7.12. & 18.1. Workshop: From Raw Data to Analyzable Data
The workshop is organized in two parts on 7.12.2022 and 18.1.2023.

This workshop focuses on strategies of handling raw questionnaire data, multimodal data, and longitudinal data. Challenges in handling and combining data with different measurement intensity or different structure are common. This workshop provides tools and strategies for modifying datasets together for easier upkeep, sharing and analyzing. Data processing is not just about tools - hence, workshop participants will be guided through data collection and processing pipeline from a wider perspective. Methods are meant to be more universal rather than program specific. In the workshops R programming language is used, with examples in SPSS and Excel included as well. These are practical workshops where we focus on actual processing with your own data. Example data is provided for rehearsing introduced methods.

The workshop instructors are Visajaani Salonen and Pentti Henttonen from HSSH and it is targeted for research assistants and those dealing with research data including doctoral researchers and master's students.

Workshop is organized in 2 parts. Please note that both parts can accommodate 20 participants, so participation is limited. Sign up for part 1 here and part 2 here. The workshop is organized in person at the City Center Campus.

Workshop 1: 2 x 60 min (small breaks between) + 60 min free hands-on working

7th of December 2022 time 12.00 – 16.00

Use this form to sign up for the first part of the workshop.

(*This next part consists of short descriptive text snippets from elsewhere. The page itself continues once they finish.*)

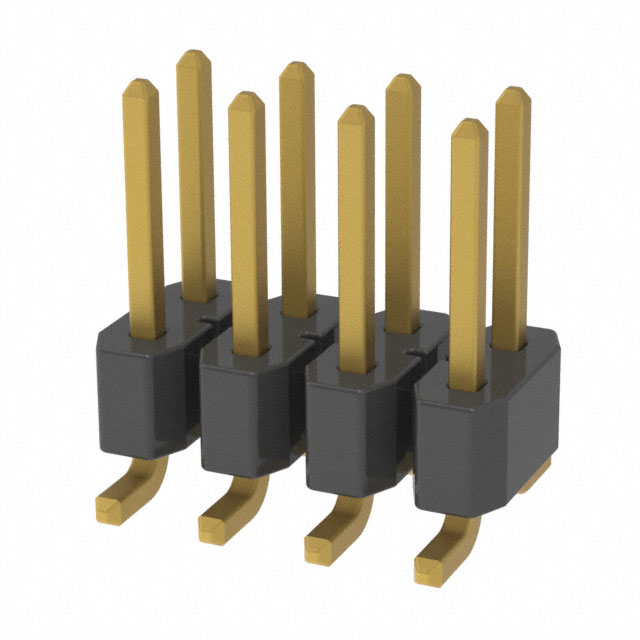 TSM-104-01-H-DV Samtec Inc.  Embases à broches mâles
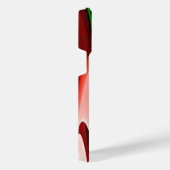 The spirit of Love and Hope Abstract 3D Rainbowart iPhone Hoesje (Rechterkant)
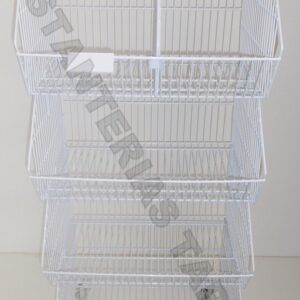 cestos apilable sin ruedas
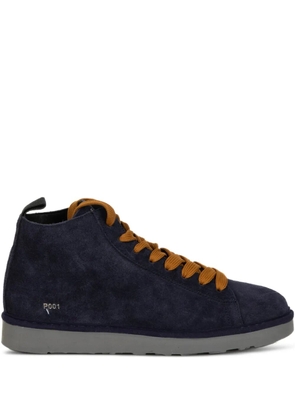 PANCHIC lace-up boots - Blue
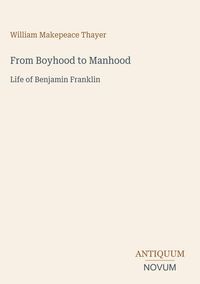 Produktbild: From Boyhood to Manhood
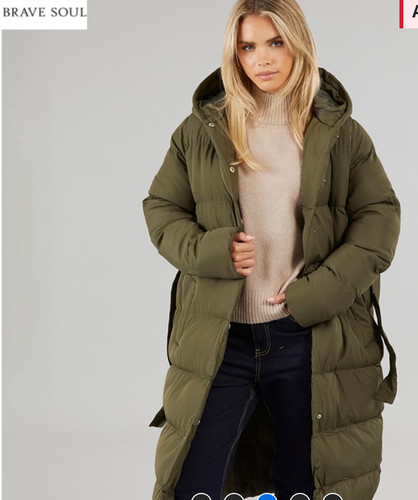 Langer steppmantel puffer - langer, puffer-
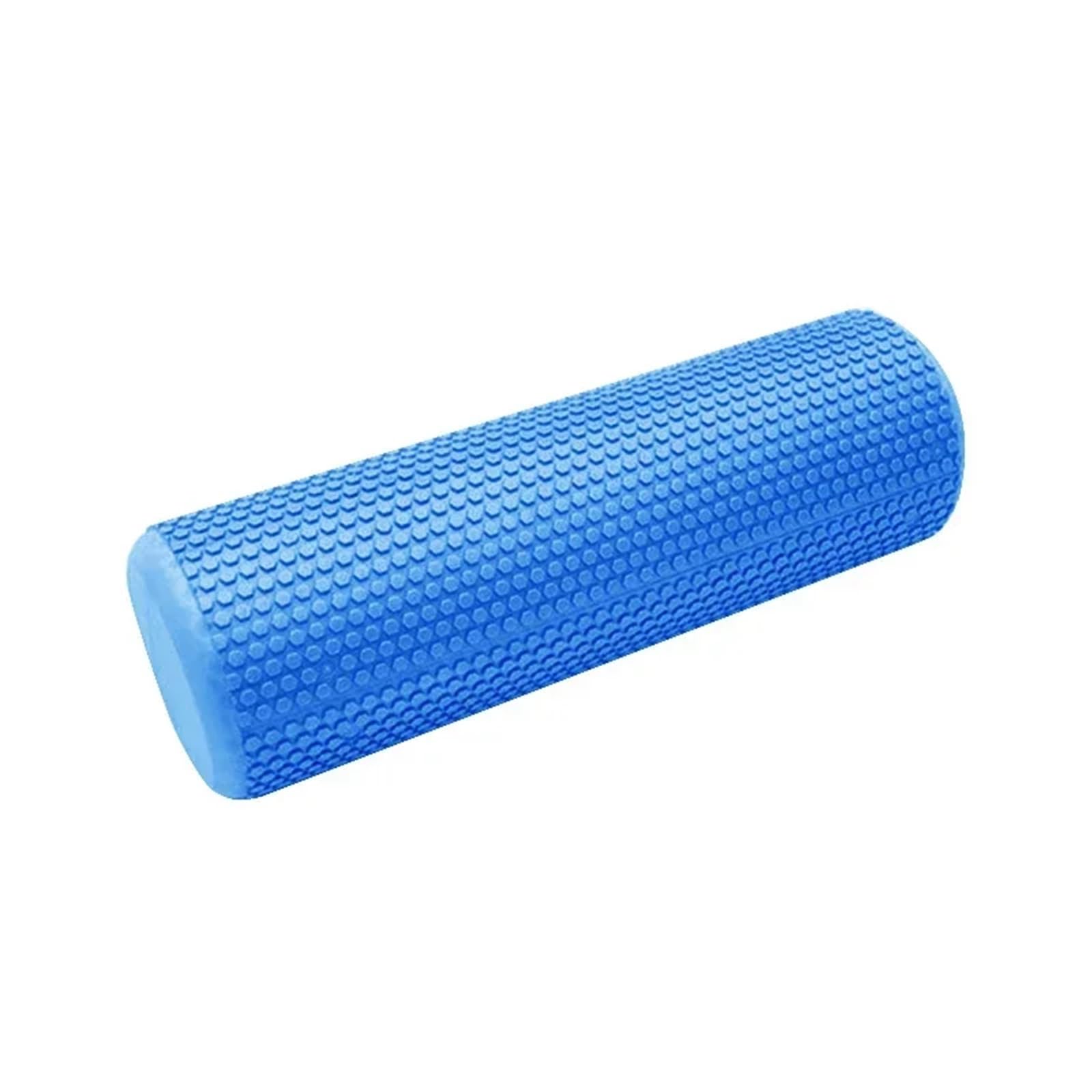 Reformatory Pilatesa 30/45/60 cm jogi wałek Roller o wysokiej gęstości Wałek mięśniowy narzędzie do samodzielnego masażu na siłownię Pilates Yoga Fitness deska do ćwiczeń(15x30CM Blue)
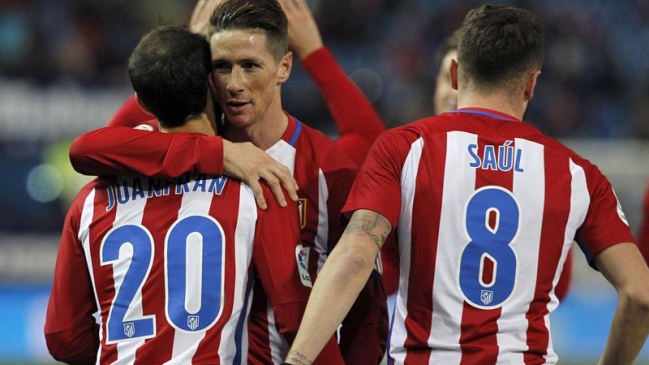 Atlético de Madrid goleó a Guijelo y logró sólido avance en la Copa del Rey Atlético de Madrid goleó a Guijelo y logró sólido avance en la Copa del Rey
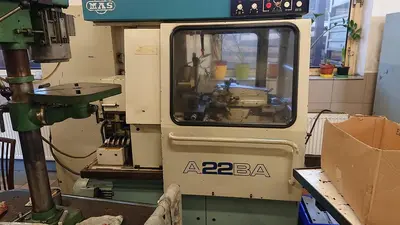 Used 1996 MAS A22 BA Single Spindle Automatic Screw Machines CZ | Amaron s.r.o. #1064768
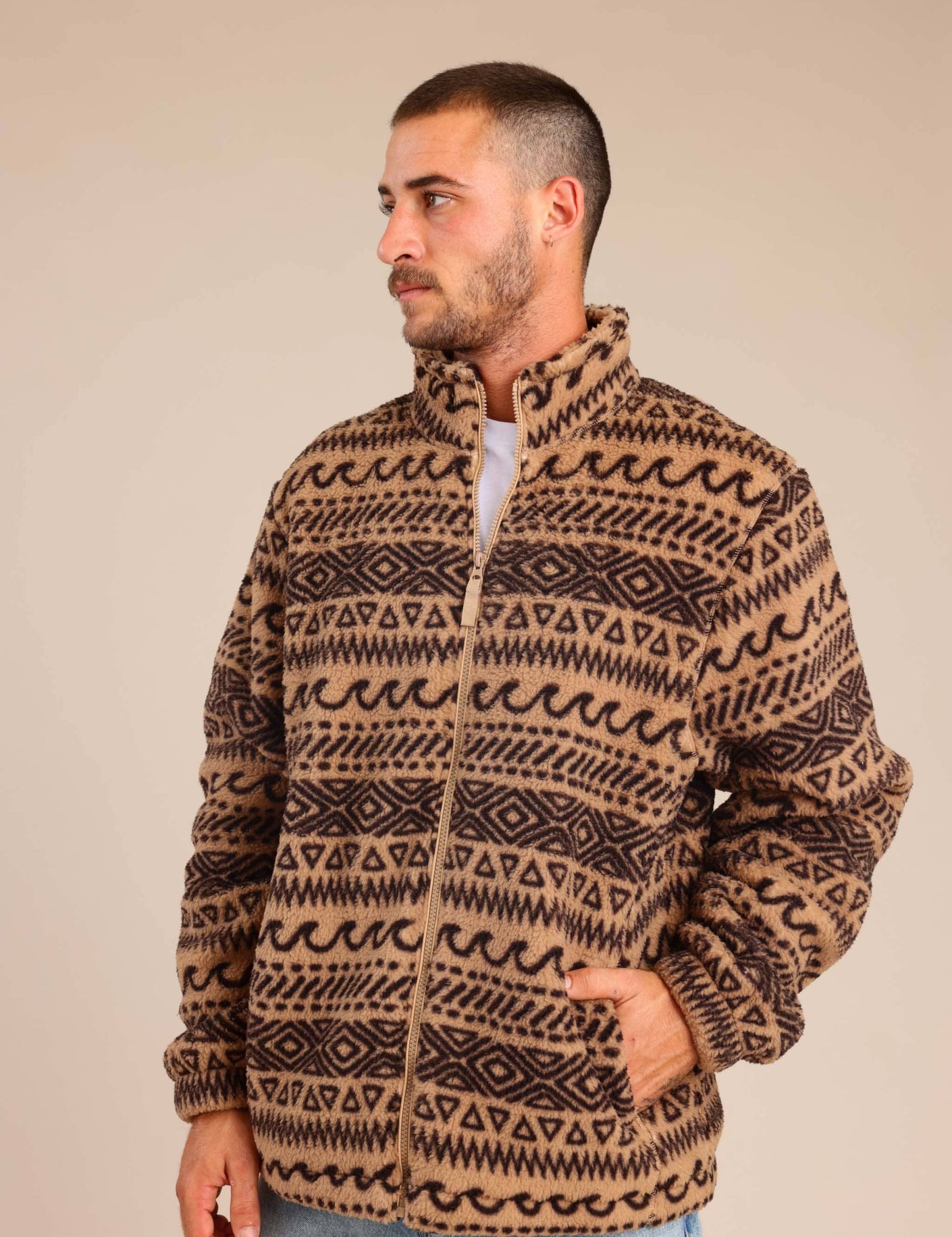 FOX גברים פליזים פליז גברים פליז גברים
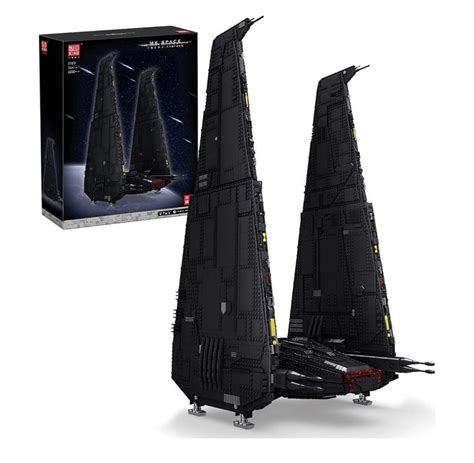 Mould King Kylo Ren Command Shuttle Lego Klemmbausteine Neu Kaufen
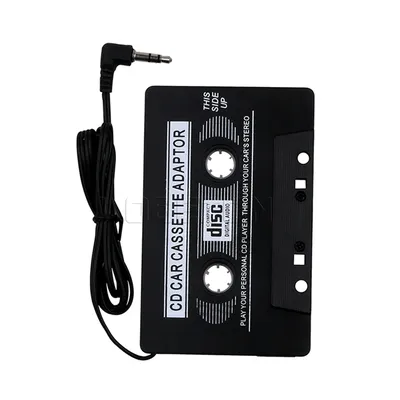 Universal Car Cassette Tape Adapter Cassette Mp3 Player Converter 3.5mm Jack Plug For iPod For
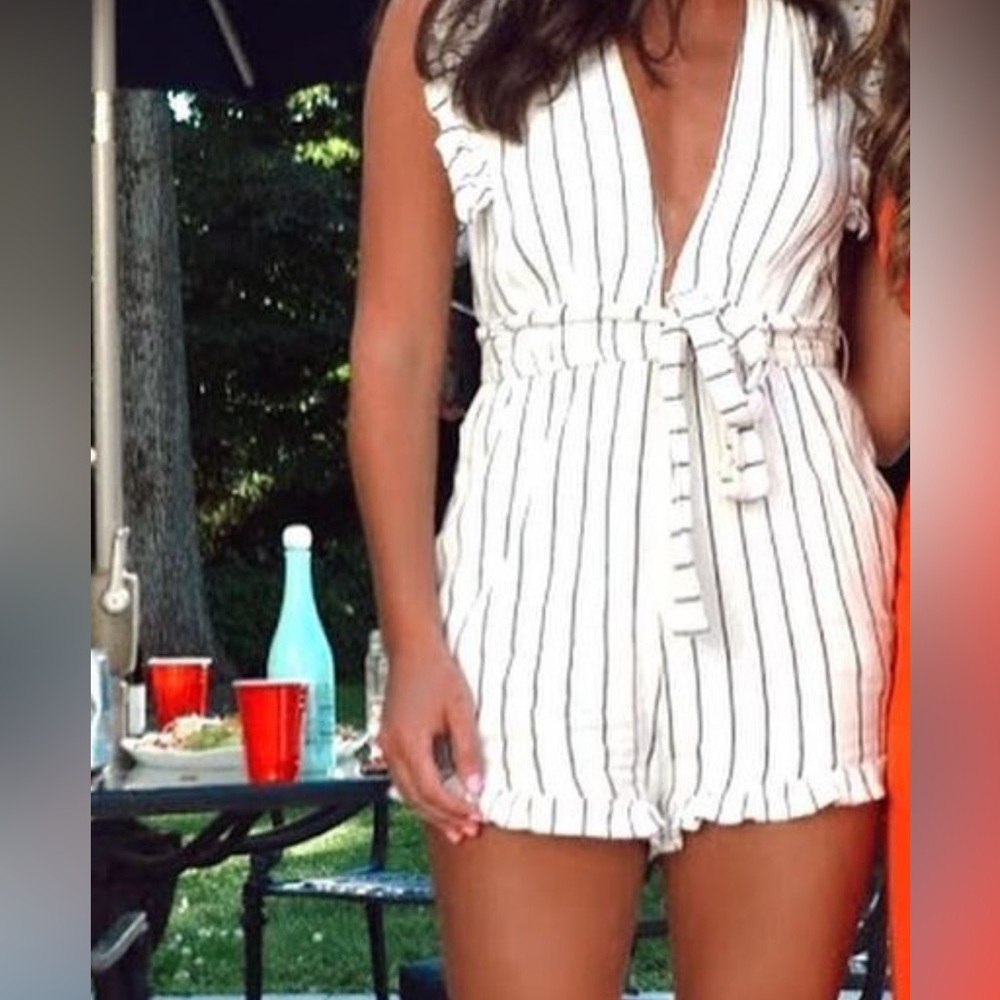 Romper striped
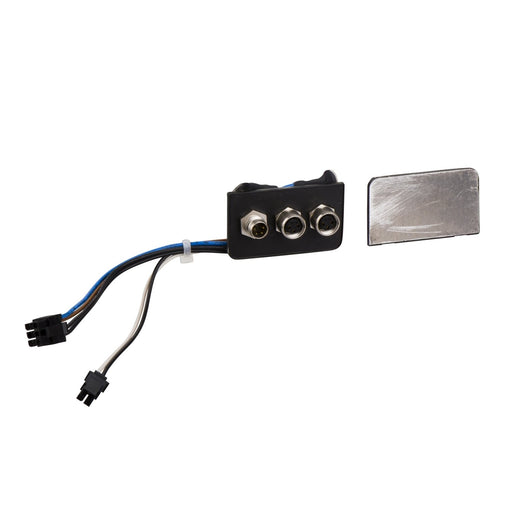 Schneider Electric - Zubehör/Ersatzteile für Frequenzregler Einschub, 2 M8-Buchsen VW3L40210 für 2 E/A-Signale+1 − 1 Stück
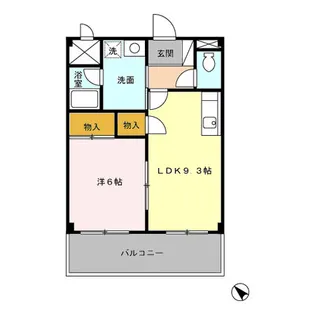 パステルサンライズ【2階】の間取り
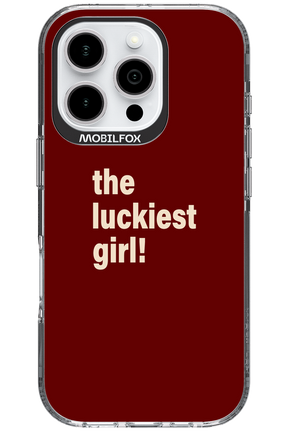 The Luckiest Girl - Apple iPhone 16 Pro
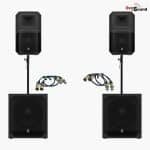 Electro-Voice EVIVA15P2 EVIVA18SP2 SET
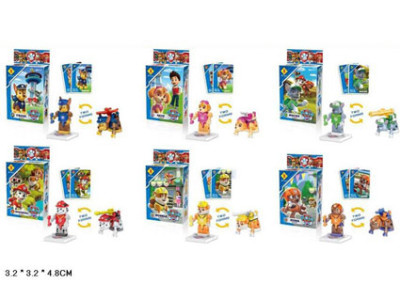 Конструктор "PAW PATROL" у коробці 32*32*48см SL8918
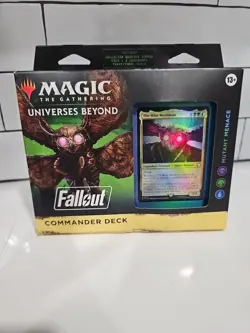 MTG Fallout Mutant Menace Commander Deck Precon - Brand New - Image 1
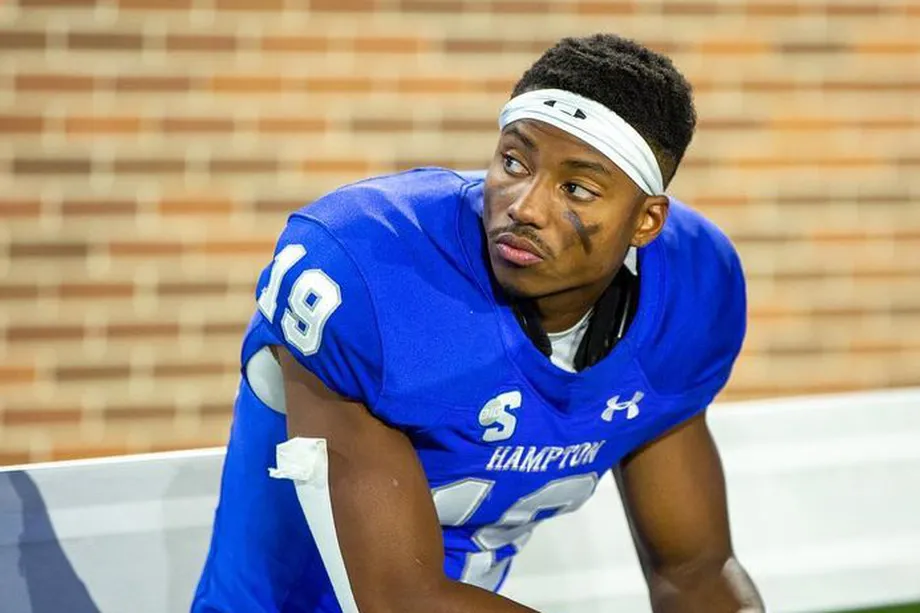 HBCU's 1st openly gay football player declares for the NFL Draft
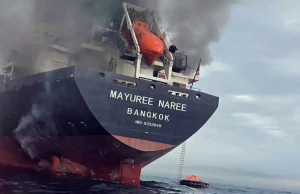 Stranded in a War Zone: Three Crew Members Alive on Mayuree Naree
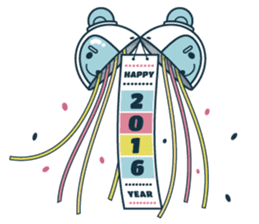 Christmas and Winter with Jokukuma sticker #8731967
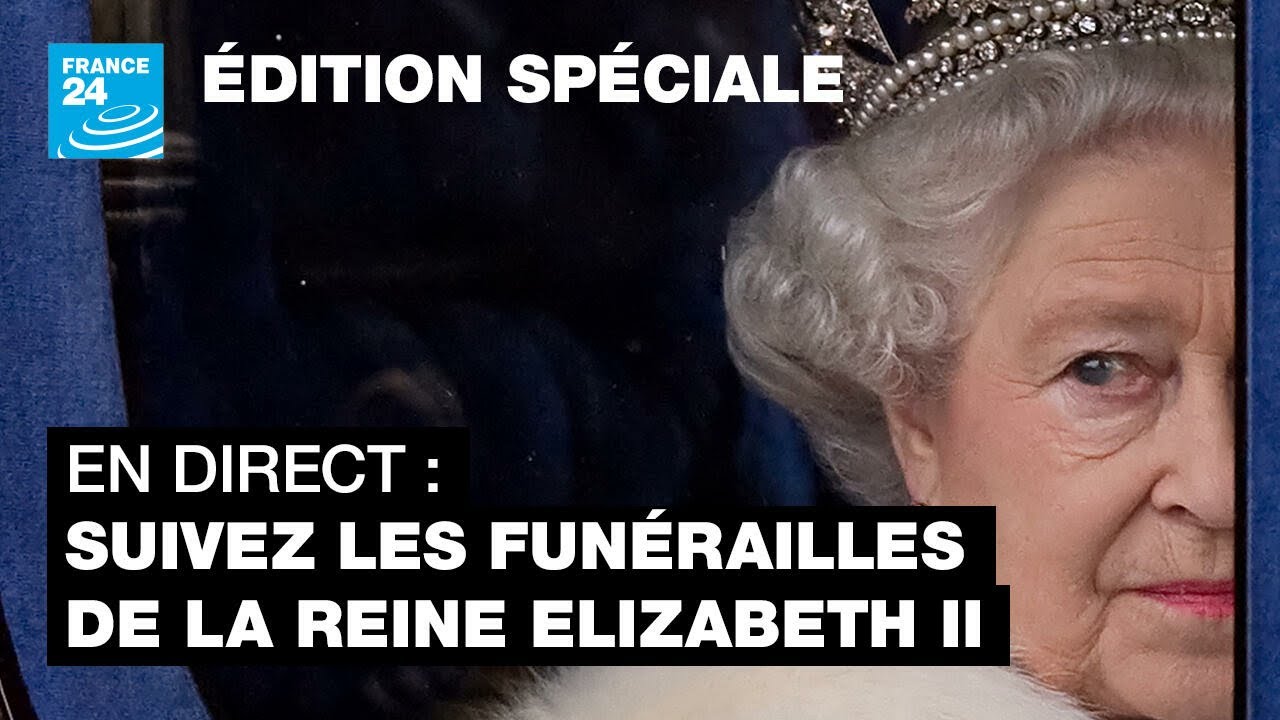REPLAY - Revivez les funérailles de la reine Elizabeth II (1926-2022) • FRANCE 24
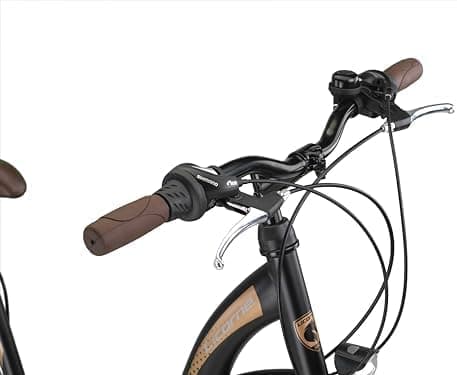 Licorne Bike Stella Premium City Bike in 20",24",26",28" Fahrrad für Mädchen, Jungen, Herren und Damen 21 Gang-Schaltung (6 Gang bei 20 Zoll) Hollandfahrrad Citybike thumbnail 2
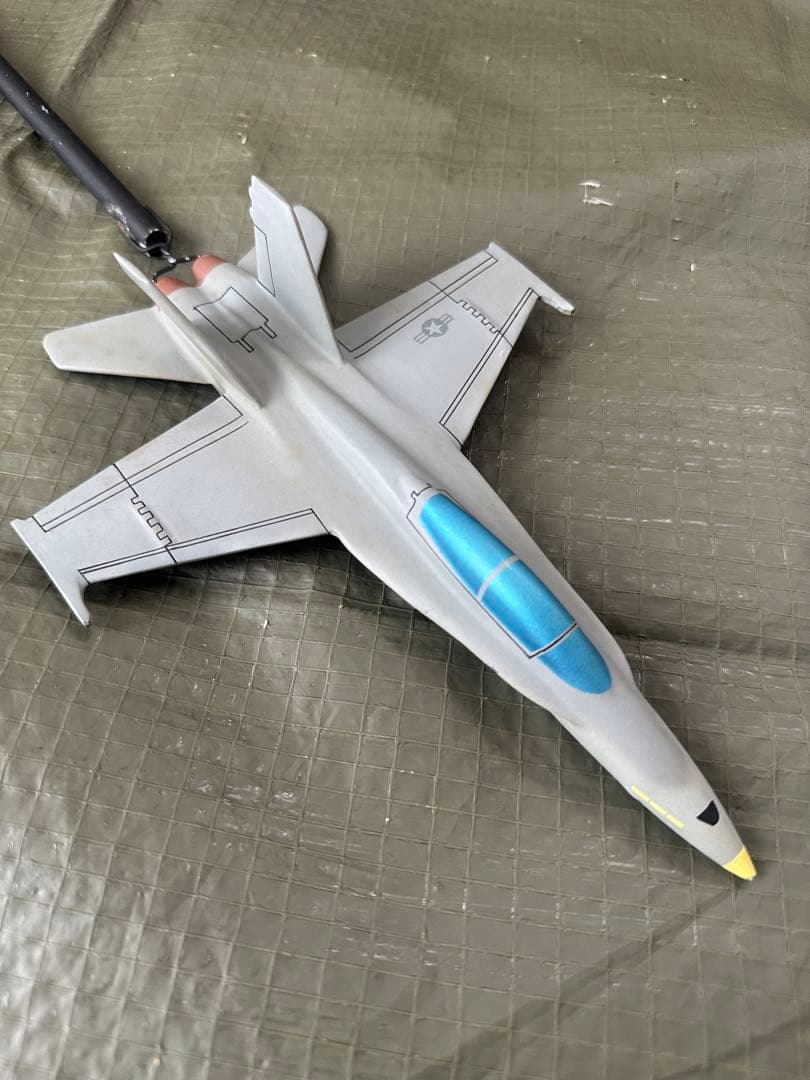 米軍 F18 模型教材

1. Basic beginning procedures (15 + 45 min)

· Creating identifiers

· Missing data handling

· Converting data into different format

· Variable naming and labels

· Data intensity


2. Messy to Zen (15 + 45 min)

· cleaning data; what is OK to clean out

· Variables having multiple answers -> expand for analysis

· Long format versus wide format of data


Workshop 2: 2 x 60 min (small breaks between) + 60 min free hands-on working

18th of January 2023 time 12.00 – 16.00

Use this form to sign up for the second part of the workshop.


1. Multiple datasets (15 + 45 min)

· linking data from different sources

· connecting datasets with lacking identifiers

· Dataset identifiers

· Aggregation


2. Multi-modal data (example of problem solving needs) (15 + 45 min)

· e.g. examples of EDA, HRV, actigraph, response time and log-files

· Aggregation problem

· Synchronization

· Noise reduction, quality estimation